Auf kommunaler und kantonaler Ebene sind die Folgen von politischen Entscheidungen für die gesamte Bevölkerung direkt spürbar. Deshalb ist es auf diesen Staatsstufen besonders wichtig, dass sich Bürgerinnen und Bürger informieren können, bevor sie über Sachfragen abstimmen sowie Parlamente und Regierungen wählen. Einen offenen, unvoreingenommenen Diskurs gewährleisten lediglich Medien, die mit einer mit den notwendigen personellen und finanziellen Ressourcen ausgestatteten Redaktion vor Ort präsent sind. Studien aus anderen Ländern zeigen, dass Korruption und Intransparenz wachsen und die Kluft zwischen Arm und Reich grösser wird, wenn es vor Ort keine oder fast keine Journalistinnen mehr gibt.
Einen offenen, unvoreingenommenen Diskurs gewährleisten lediglich Medien, die mit einer mit den notwendigen personellen und finanziellen Ressourcen ausgestatteten Redaktion vor Ort präsent sind.
Dennis Bühler, Bundeshaus- und Medienredaktor beim Onlinemagazin «Republik»
In den letzten zehn Jahren hat sich die Anzahl von Zeitungstiteln in der Schweiz von 304 auf 245 verringert, das entspricht einem Rückgang um 20 Prozent. Haben Printzeitungen überhaupt noch eine Zukunft in einem digitalisierten Zeitalter?

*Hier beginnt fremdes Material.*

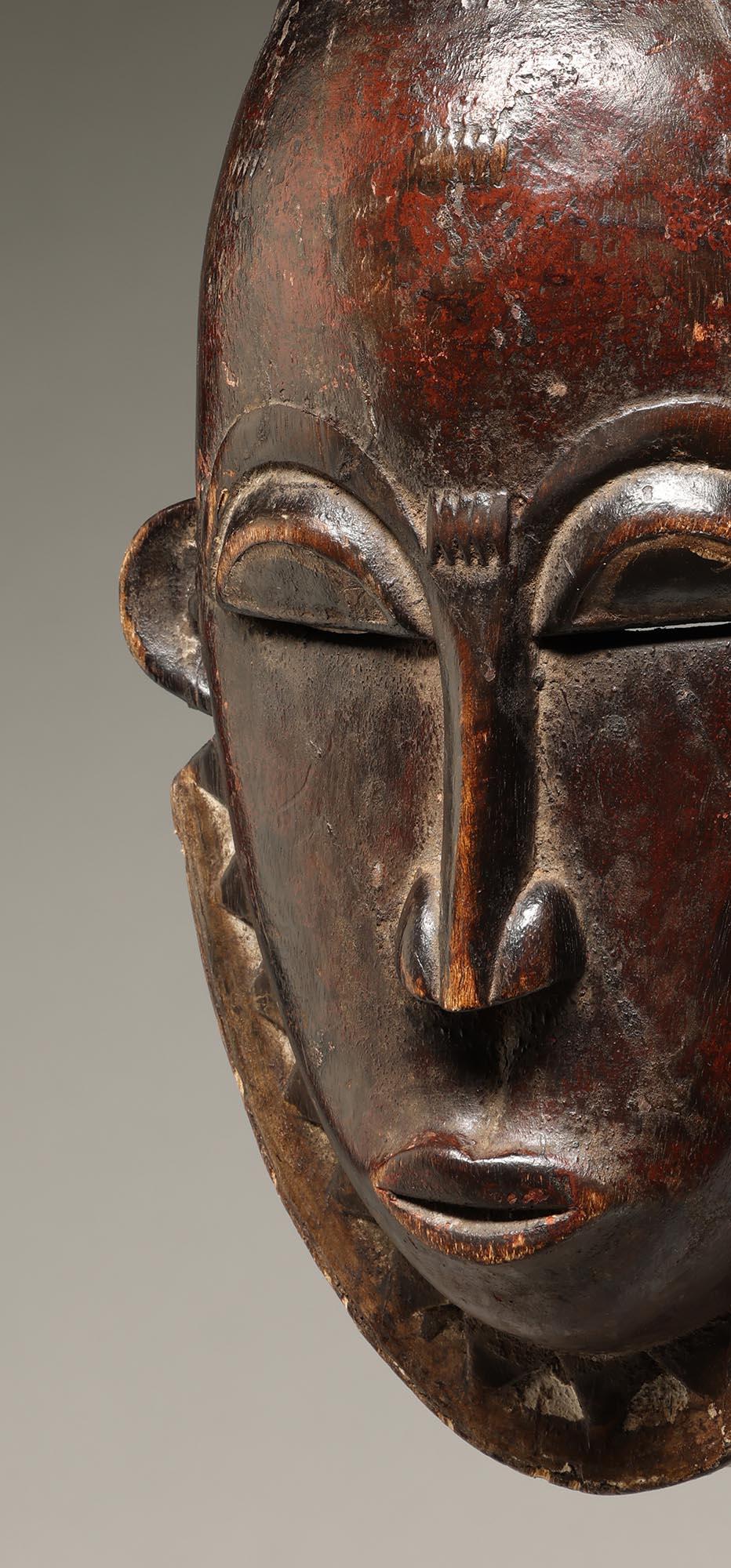 Hand-Carved Classic Danced Deep Red-Black Baule mask, Ivory Coast, Africa, mid 20th century For Sale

Es wird so lange Printzeitungen geben, wie der mit ihnen zu erzielende Ertrag die Ausgaben minimal übertrifft: So lange also die Einnahmen von Inseraten und Abonnements höher sind als die Kosten für Druck, Vertrieb und eine – klein gesparte – Rumpfredaktion. Jede Printzeitung hat ihr eigenes Ablaufdatum, doch es ist anzunehmen, dass sich die Anzahl Zeitungstitel in den nächsten zehn Jahren erheblich stärker reduzieren wird als in den letzten zehn Jahren, dass es in der Schweiz also schon bald weniger als 200 Zeitungen geben wird. Doch auch im digitalen Bereich ist der Erfolg alles andere als garantiert. Klar ist: Mittelfristig überleben Redaktionen nur, wenn es ihnen gelingt, mit Onlinejournalismus Geld zu verdienen, oder wenn sie vom Staat oder durch Stiftungen substanziell unterstützt werden.

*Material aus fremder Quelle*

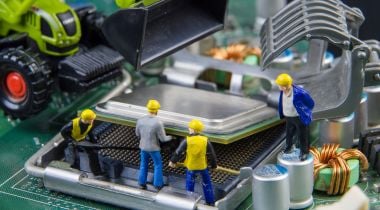 A photo of miniature construction figures working on a motherboard to show the idea of an engineering team building software. 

Wie schätzen Sie generell den Zustand der Medienlandschaft in der Schweiz ein?
Die Schweizer Medien befinden sich in einer tiefgreifenden strukturellen Krise. Noch ist ihre Qualität nicht so schlecht, ihre Zukunftsaussichten aber sind desolat. Die Frage, wie das Medienangebot auf allen Staatsebenen erhalten und verbessert werden kann, muss dringend öffentlich verhandelt werden – noch aber haben leider weder die Politik noch die breite Bevölkerung die Zeichen der Zeit erkannt.